EXERCISE DESCRIPTION:
Transcribe the data that follows in full. Leave out the pictures.

DATA BLOCK:
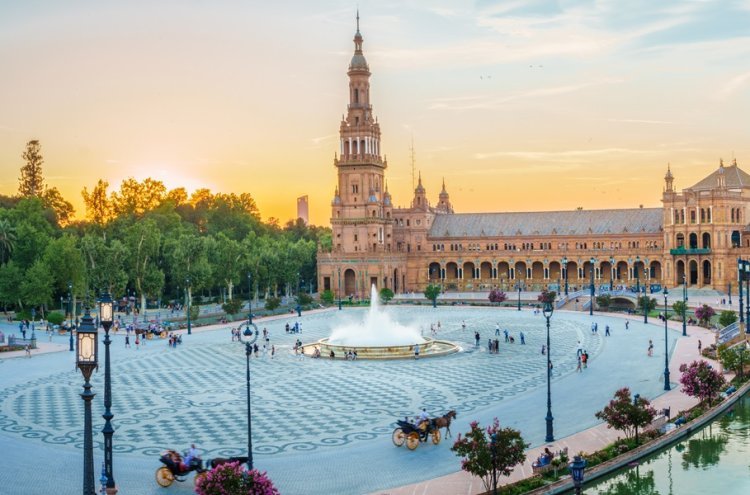 Escapada con SPA en Mairena y crucero por el Guadalquivir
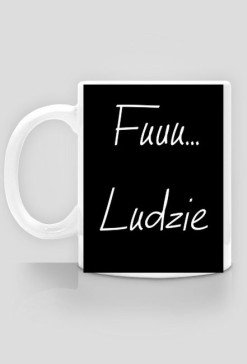 Kubek introwertyka - Fuuu, Ludzie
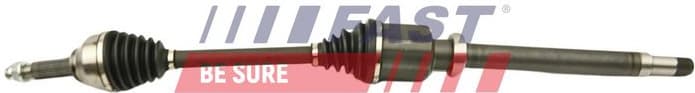Drive Shaft FT27187
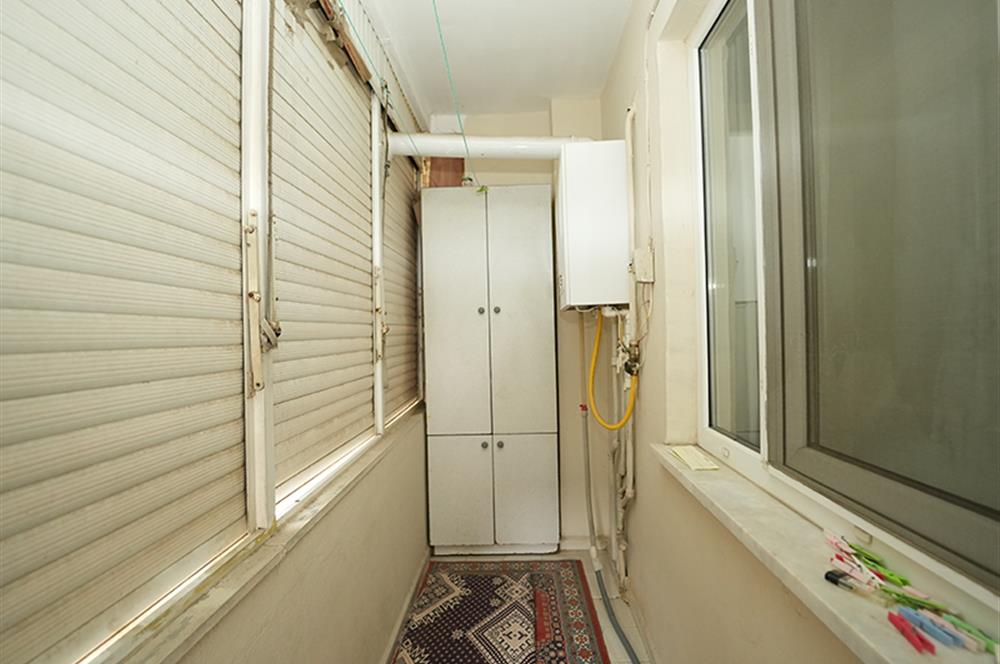 C21 Cius; Eşref Dinçer Mahallesi 3+1 Ara Kat Satılık Daire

RESPONSE TO THE TASK:
 Escapada con SPA en Mairena y crucero por el Guadalquivir
 Kubek introwertyka - Fuuu, Ludzie
Drive Shaft FT27187
 C21 Cius; Eşref Dinçer Mahallesi 3+1 Ara Kat Satılık Daire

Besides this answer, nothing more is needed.